┌──
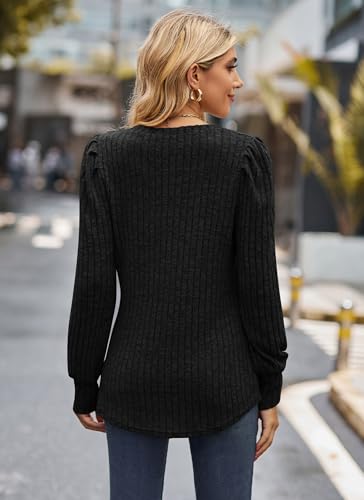 Vanfany Womens Puff Long Sleeve Sweaters Casual Crew Neck Knitted Shirts Tops Fall Blouses Clothes Black s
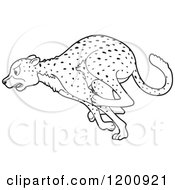 Poster, Art Print Of Black And White Outlined Running Cheetah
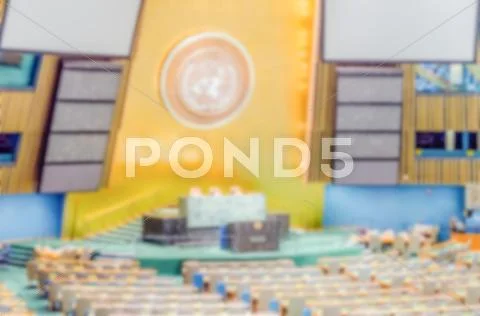 Defocused background of the General Assembly Hall, United Nations Stock Photos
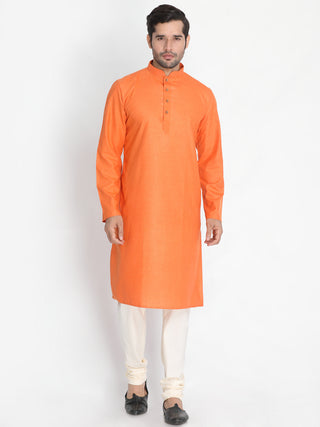 Vastramay Men's Orange Cotton Linen Blend Kurta Pyjama Set - Distacart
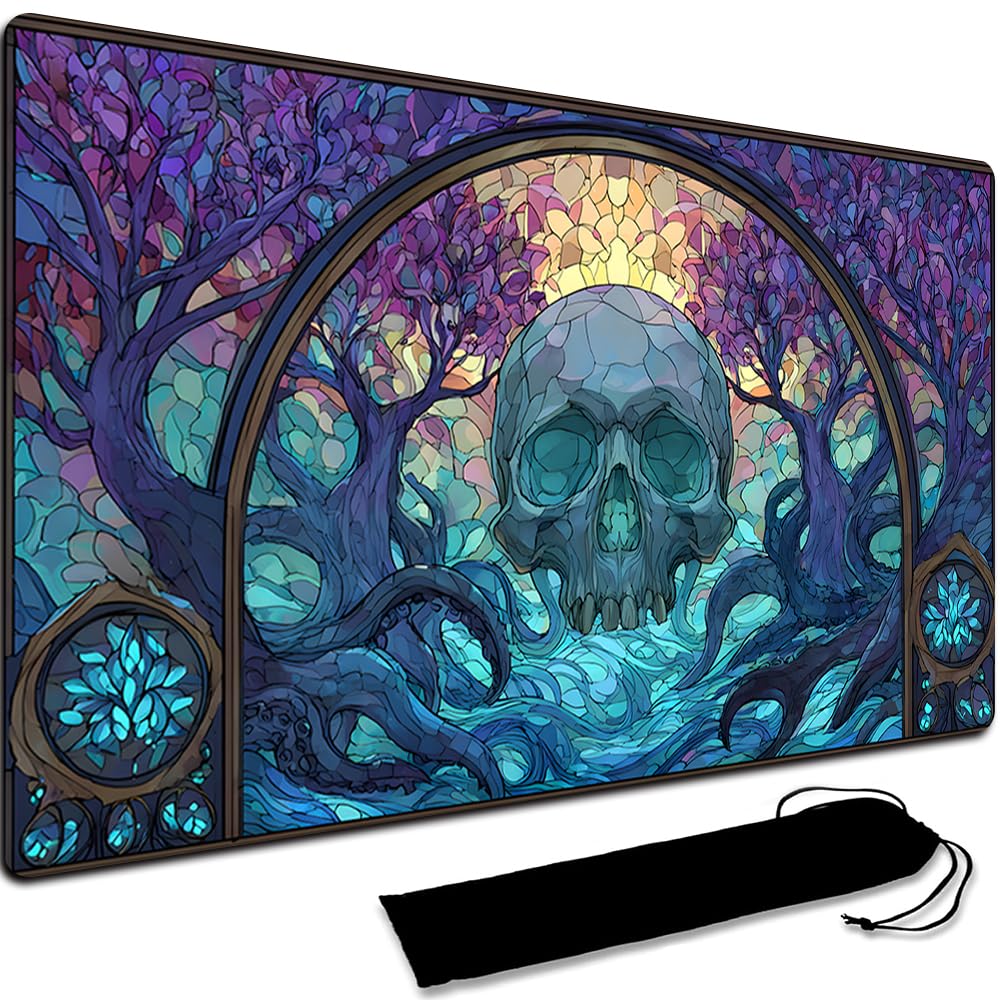 Board Game MTG Playmat + Black Waterproof Bag, Stitched Edges, Smooth Rubber Surface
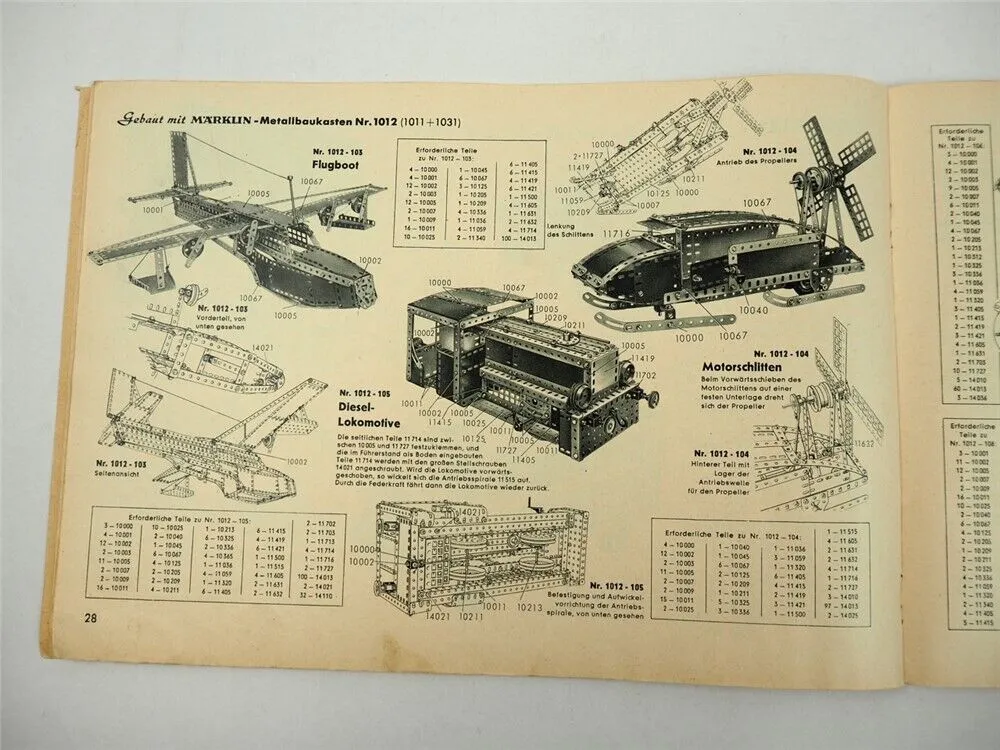 Märklin Metallbaukasten Modellbau Spielzeug Anleitungsheft 1959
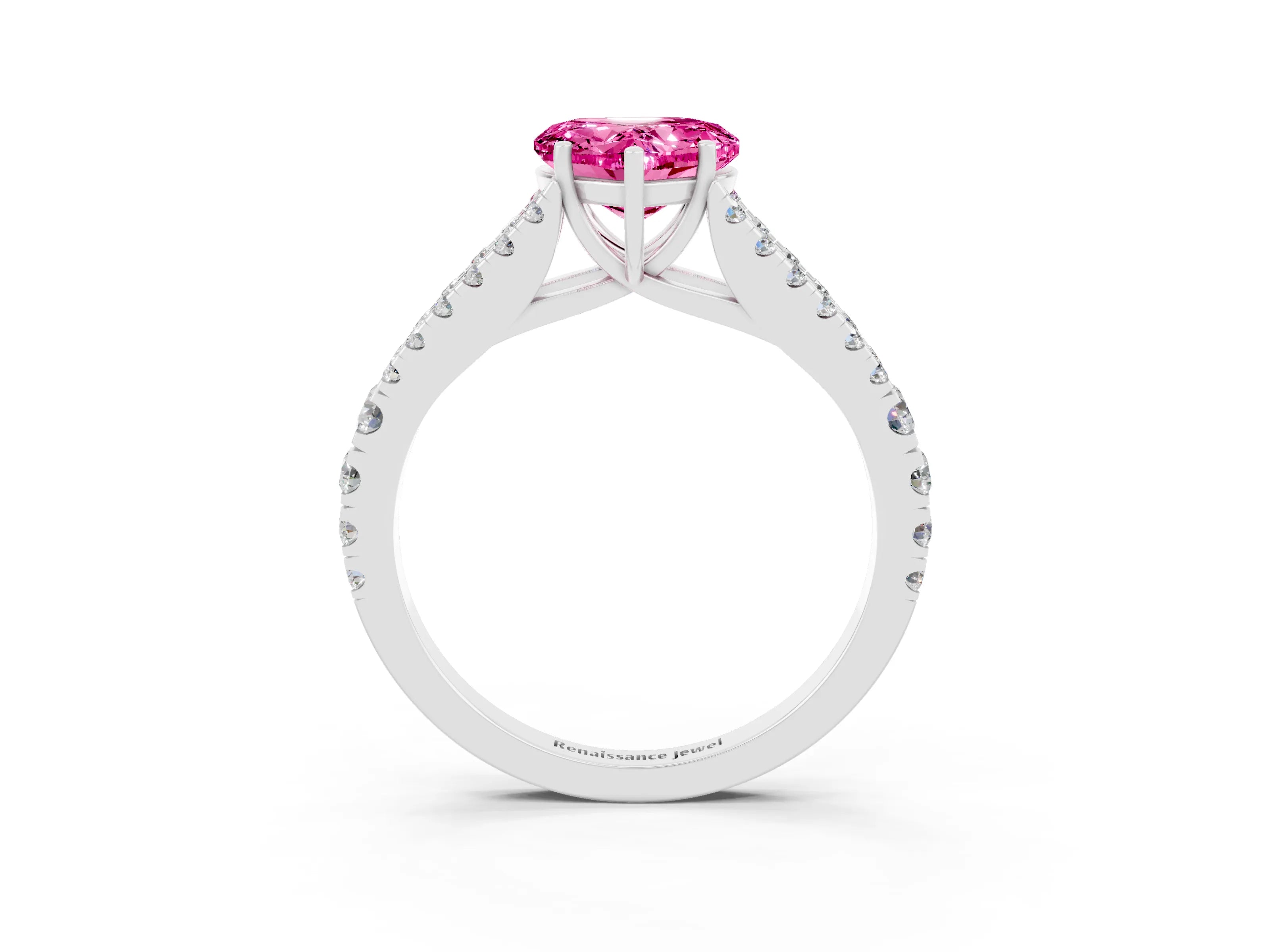 White gold Heart Cut Cut Split Shank Pave Diamond Engagement Ring with Four-Prong Setting_3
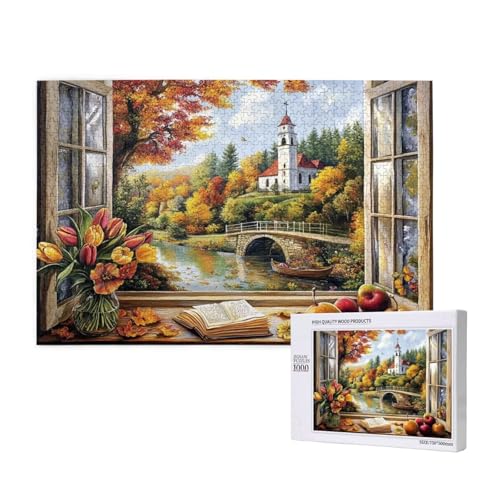 Puzzle Herbst,Puzzle 6000 Teile Landschaft Holzpuzzle Erwachsene mit Geschenkbox,Schwieriges,Unterhaltsames,Herausforderndes,Geeignet für Anfänger ab 14 Jahren,Geschenke für Männer/Frauen M-705 von Yeogcohe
└──
- [What is being asked] Restate verbatim the lines that begin at the one holding "Märklin Metallbaukasten Modellbau" and end at the last line of the material. Exclude pictures.

- [Reply to the exercise]
 Märklin Metallbaukasten Modellbau Spielzeug Anleitungsheft 1959
 White gold Heart Cut Cut Split Shank Pave Diamond Engagement Ring with Four-Prong Setting_3
 Puzzle Herbst,Puzzle 6000 Teile Landschaft Holzpuzzle Erwachsene mit Geschenkbox,Schwieriges,Unterhaltsames,Herausforderndes,Geeignet für Anfänger ab 14 Jahren,Geschenke für Männer/Frauen M-705 von Yeogcohe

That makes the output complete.